A second form of IL-15Rα was engineered to test whether soluble IL-15Rα, released by cleavage of the extracellular domain, is also transferred to NK cells (SI Appendix, Fig. S1B). IL-15Rα was tagged at its N-terminal extracellular domain with Venus (Fig. 1E) and transfected into 721.221 cells (221–Venus-IL-15Rα) (SI Appendix, Fig. S1A). The crystal structure of the complete α–IL-15–β−γc receptor complex showed that the α chain N terminus is exposed and points away from the rest of the complex (27), suggesting that a fluorescent protein tag at the N terminus might not impair receptor function. The functionality of 221–Venus-IL-15Rα cells was shown by IL-15 loading (Fig. 1F) and by stimulation of primary NK cell proliferation (Fig. 1G). The proliferation of primary NK cells was equally effective as that promoted by 221–IL-15Rα-mCherry loaded with exogenous IL-15 (Fig. 1 C and G). Transfer of Venus-IL-15Rα to primary unstimulated NK cells after mixing with 221–Venus-IL-15Rα cells for 60 min was observed by flow cytometry (Fig. 1H). Transfer of IL-15Rα from trans-presenting 221 cells to NK cells was more efficient with 221–Venus-IL-15Rα cells than with 221–IL-15Rα-Cherry cells, even though both cells expressed similar levels of IL-15Rα (SI Appendix, Fig. S1A) and bound a similar amount of IL-15 (Fig. 1 B and F). Note that Venus-IL-15Rα would be detected in NK cells after transfer of either soluble or trans-endocytosed Venus–IL-15Rα–IL-15 complex. These results suggest that soluble Venus–IL-15Rα shed after cleavage by proteases at the plasma membrane contributes to IL-15Rα uptake by NK cells.
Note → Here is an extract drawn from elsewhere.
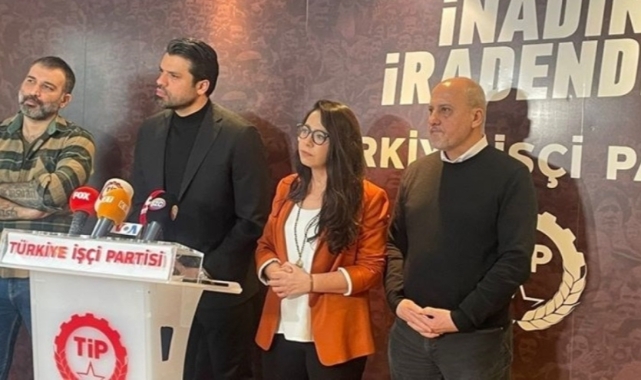 TİP'te Gökhan Zan adaylığı sonrası tepki istifası!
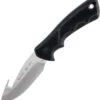 Buck Knives Buck 685BKG BuckLite Max II,4" 420HC Guthook Blade, Black Rubber Handle -Buck Knives bu685bkg 05089.1566585985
To test the possibility of Venus-IL-15Rα transfer due to shedding of the IL-15Rα–IL-15 complex (SI Appendix, Fig. S1B), we performed cell mixing experiments in the presence of the MMP inhibitor GM6001. Inhibition of IL-15Rα–IL-15 shedding by GM6001 was confirmed by enzyme-linked immunosorbent assay (SI Appendix, Fig. S1C). In contrast to the trans-endocytosis of intact, membrane-associated IL-15–IL-15Rα-Cherry into NK cells, which was not sensitive to MMP inhibition (Fig. 1D), transfer of Venus–IL-15Rα to NK cells was partially inhibited by GM6001, consistent with transfer of soluble Venus-IL-15Rα in addition to trans-endocytosis of intact Venus-IL-15Rα (Fig. 1H). These results show that the IL-15Rα–IL-15 complex can be transferred from trans-presenting cells to NK cells as both a transmembrane protein and a soluble receptor.
Transfer of IL-15Rα from Trans-Presenting DCs to Intracellular Compartments in NK Cells.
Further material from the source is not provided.